Ebu Bekr el-Enbari dedi
ki: "Yattığımız yerden kim kaldırdı bizi?" buyruğunda vakıf yapmak
güzeldir. Sonra: "Bu rahmanın vaadettiğidir" diye okumaya başlanır.
Bununla birlikte: "Yattığımız yerden bu" üzerinde vakıf yaparak
"bu" anlamındaki işaret zamirini "yattığımız yer"

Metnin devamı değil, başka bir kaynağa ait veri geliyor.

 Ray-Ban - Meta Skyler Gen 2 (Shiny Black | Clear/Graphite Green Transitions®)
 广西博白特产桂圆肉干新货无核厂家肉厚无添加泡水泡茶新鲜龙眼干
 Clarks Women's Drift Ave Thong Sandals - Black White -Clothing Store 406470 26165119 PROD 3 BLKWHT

anlamındaki kelimeye tabi olarak mecrur kabul edip daha sonra da;
"Rahman'ın vaadettiğidir" diye başlamak da mümkündür. Bu da:
"Sizin diriltilmeniz, Rahman'ın vaadettiğidir" anlamındadır. Sizin
diriltilişiniz Rahman'ın vaadidir, demek olur.
en-Nehhas der ki: İfade:
"Yattığımız yerden" lafzında tamam olmaktadır. "Bu" lafzı
ise mübteda olarak ref' mahallindedir. "Rahman'ın vaadettiğidir"
buyruğu da onun haberidir. Bununla birlikte ("bu" işaret zamirinin)

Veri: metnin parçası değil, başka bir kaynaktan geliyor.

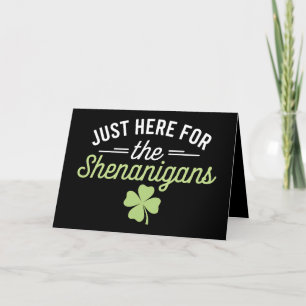 Carte De Remerciements Juste ici pour la Saint Patrick des Shenanigans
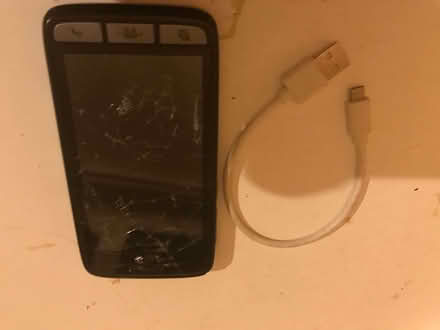 Photo of free Smartphone with broken screen (High Brooms TN4) #1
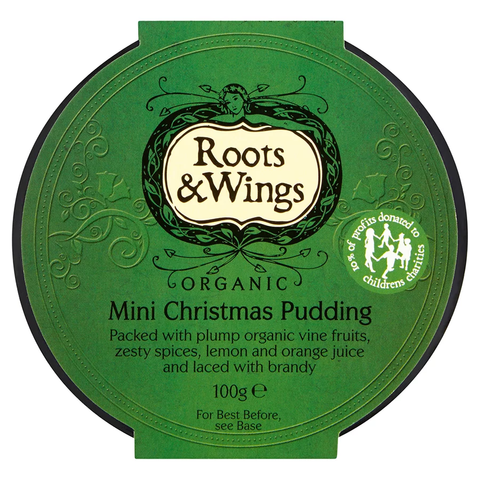 Roots and Wings Mini Christmas Pudding 100g (Pack of 12)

"yattığımız yer" lafzının sıfatı olarak cer mahallinde olması da
mümkündür. O takdirde ifade; "Yattığımız bu yerden ... " lafzında
tamam olur. Buna karşılık: "Rahman'ın vaadettiği" buyruğu da üç
bakımdan ref' mahallinde olur. Ebu İshak bunlardan ikisini sözkonusu ederek
şöyle demektedir: Evvela: "Bu" zamiri takdiri ile olur. İkinci şekil
bu buyruk; "Rahman'ın sizin diriltilmenize dair vaadi bir haktır"
anlamında olmasıdır. üçüncü şekil ise: "Sizin diriltilmeniz Rahman'ın
vaadettiğidir" anlamında olmasıdır.
"O tek bir
çığlıktan ibarettir." Onların kabirlerinden kaldırılıp diriltilmeleri tek
bir çığlık ile olacaktır. Bu da İsrafil'in: Ey çürümüş kemikler, ey parçalanmış
sinirler ve ey darmadağın olmuş saçlar! Allah sizlere ayırdedici hükmünü vermek
için bir araya gelmenizi emretmektedir, diyeceğine işarettir.
İşte Yüce Allah'ın:
"Hak olan çığlığı işiteceklerigün, işte o çıkışgünüdür." (Kaf, 42);
"Davetçiye hızlıca koşarak..." (el-Kamer, 8) Hak buyruklarının anlamı
-ilerde geleceği üzere- budur.
Eğer kendisinden gelen
rivayet sahih ise İbn Mes'ud'un kıraati: "O tek bir çığlıktan
ibarettir." şeklindedir. Görüldüğü gibi buradaki: (...) da "çığlık
(sayha)" demektir. Daha önce bu husus geçmiş bulunmaktadır.
"Hepsi artık huzurumuza
getiriliverirler" buyruğu "İşte onlar" mübtedadır. Onun haberi
olan "Hepsi" nekredir. "Huzurumuza getiriliverirler" de
onun sıfatı kapsamına girer.
"Huzurumuza
getiriliverirler" buyruğu ise, hep birlikte hesab için durulacak yerde
(Mevkıfte) topluca hazır edileceklerdir, demektir. Bu da Yüce Allah'ın:
"Kıyamet hadisesi ise ancak bir göz kırpma gibidir. " (Nahl, 7)
buyruğunu andırmaktadır.
"O günde hiçbir
kimseye en ufak bir zulüm yapılmaz." Yani yapılmış amellerin sevabı
eksiltilmez.
"Siz işlediğinizin
ancak karşılığını görürsünüz." Bu buyrukta yer alan: "Şey" iki
bakımdan nasb konumundadır: Birincisi bu meçhul fiilin ikinci mefulüdür.
İkincisi harf-i cerrin hazfedilmesi dolayısı ile nasb mahallindedir. Bu da:
"İşlediğinizin ancak karşılığı ... " takdirindedir. Bu da: "Onu
işlediğinizin" takdirinde olup sonundaki zamir hazfedilmiştir.